Thank you, that makes sense and a lot more clear to me.

Now I only wish there would be a good alternatives for when you want to have multiple instances per aggregate (even if you may have to give up certain guarantees).


Interesting... just to be clear, an _individual stream of user events_ is an aggregate. E.g. a user Bob Smith's events are independent of another user like Jane Doe. It isn't the case that the entire "User Table" is a single aggregate - each row in it is an aggregate.

If you're trying to do multimaster db storage, like a phone app syncing with some cloud server, where an aggregate resides in two separate locations, this is where event sourcing shines. It's just like git, right, and so you can do all the stuff that git can do - merge event streams, rebase events... it's actually the reason why my pet project switched from an RDBMS to event sourcing.
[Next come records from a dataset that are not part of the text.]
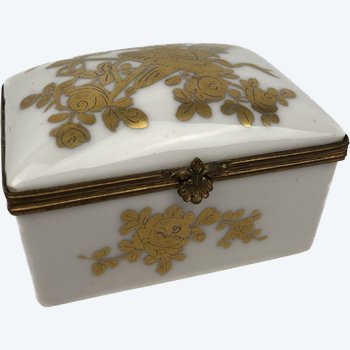 Small Napoleon III box, in porcelain and bronze.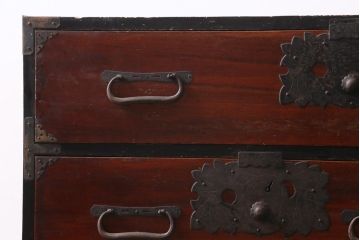 アンティーク家具　和製アンティーク　前面桐材　趣のある時代箪笥(和タンス、衣装箪笥、桐箪笥、桐たんす)(R-039223)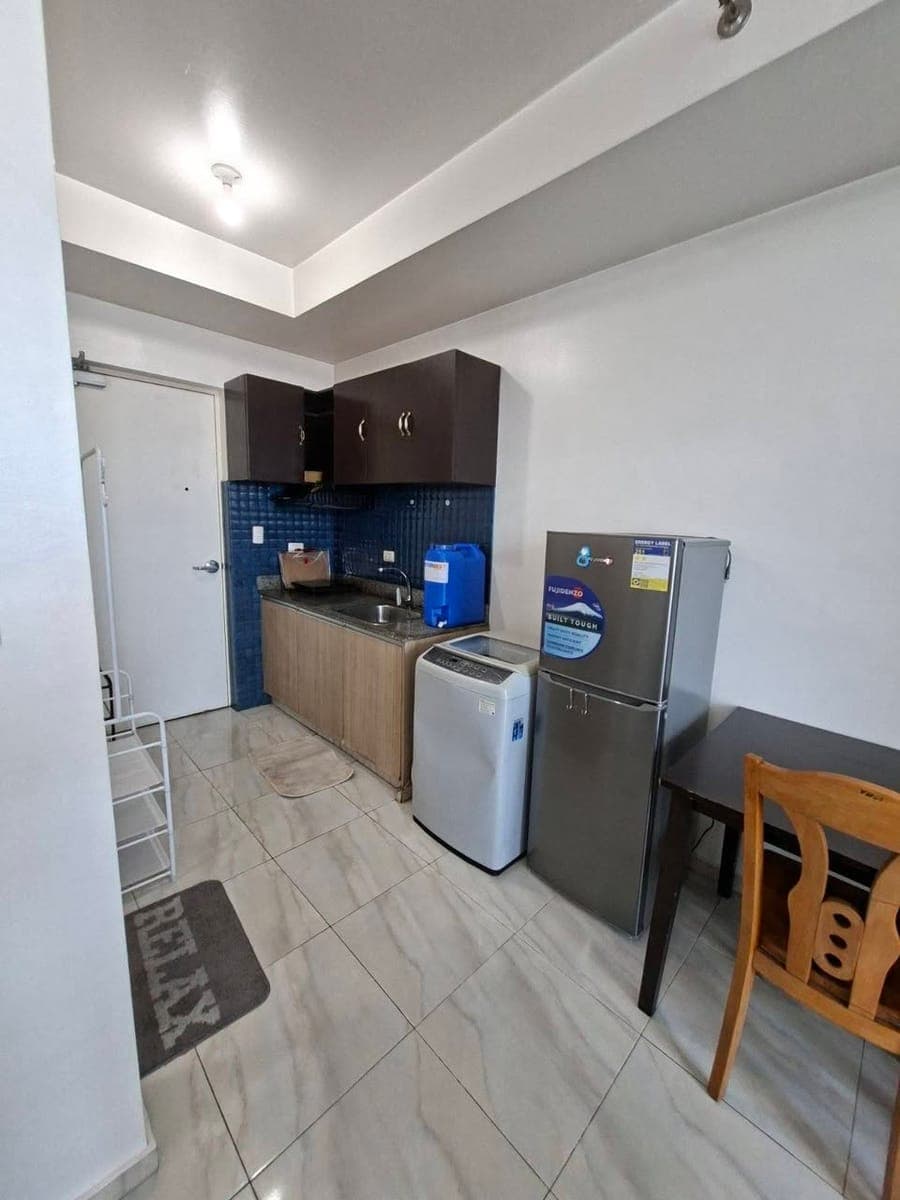 Linear Makati condo, 20k per month w parking,  1yr contract Minimum - photo 5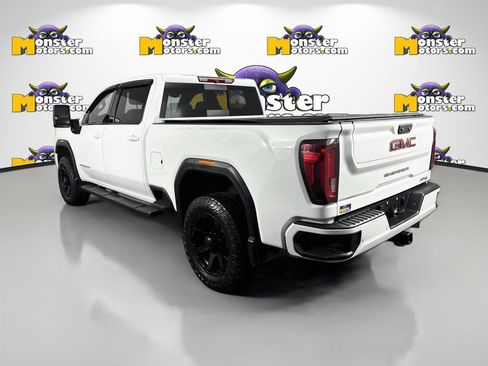 Used 2022 GMC Sierra 2500 AT4 w/ AT4 Preferred Package AWD/4WD image 7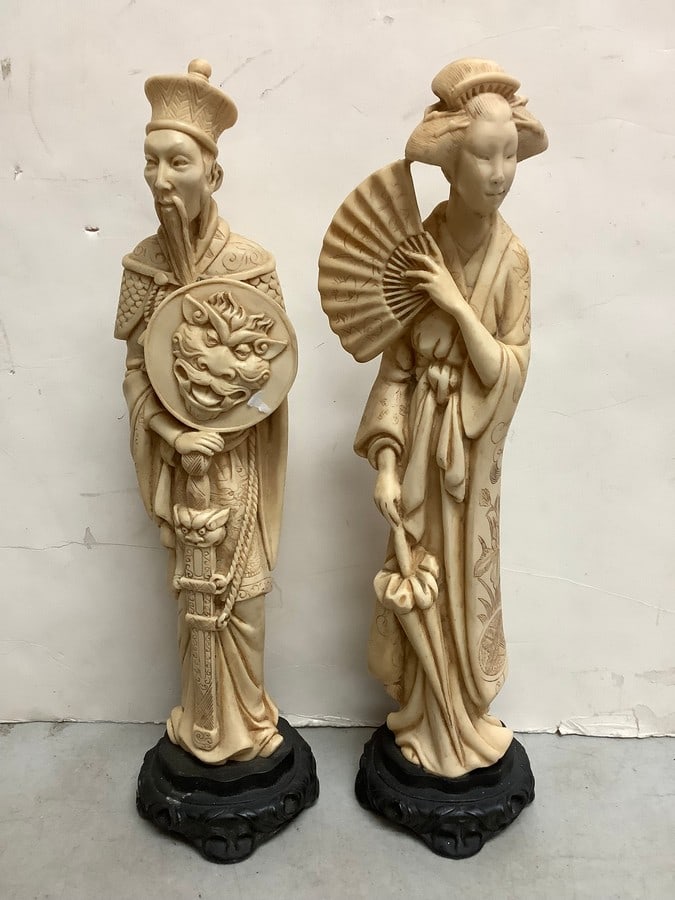 Carved bone statues(14.5in.tall): Carved bone statues(14.5in.tall)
Related video: https://skillsmatter.com/skillscasts/1980-cqrs-not-just-for-...


You can run multiple instances, and use something like distributed locks to avoid contention causing failures.


Exactly. When you are affecting a change on a stream, it has to read the events anyways, so it will be able to tell if the command id is already associated with the stream since each event has the command id in its metadata.


> It can definitely break down at some point (maybe the user really did want to increase by 10 two times, they just clicked twice really fast?)

Well, that is exactly what OP meant - in the context of a distributed system it is not "at some point" it is just a given.


What if this is concurrent with "decrease balance by 10"? If the decrease occurs between the two increases, then the increases won't be detected as duplicates.


It’s my understanding that these systems don’t use the value, they’ll instead reference some kind of “state id” that refers to the state of the system as the result is some previous, accepted, change. This way, even if a decrease races the duplicate increase, the duplicate is still correctly detected.


The two are not necessarily mutually exclusive.

    Balance is 100
    Operation #1 says add 10
    Balance is 110
    Operation #1 says add 10
    Balance is still 110
If you can create unique IDs for your operations, idempotence is really easy to implement.


from 10000ft away that has the feeling of op-based CRDTs


Event sourcing can be represented as a chronological list of changes, replayed so that any list index represents a state.

How CRDTs work is different in different implementations. Some CRDTs use a timestamp to order all changes, thus making it essentially identical to an event sourced list.

Timestamp based ordering may not actually be the most ideal, especially for low trust environments where the timestamp can be spoofed.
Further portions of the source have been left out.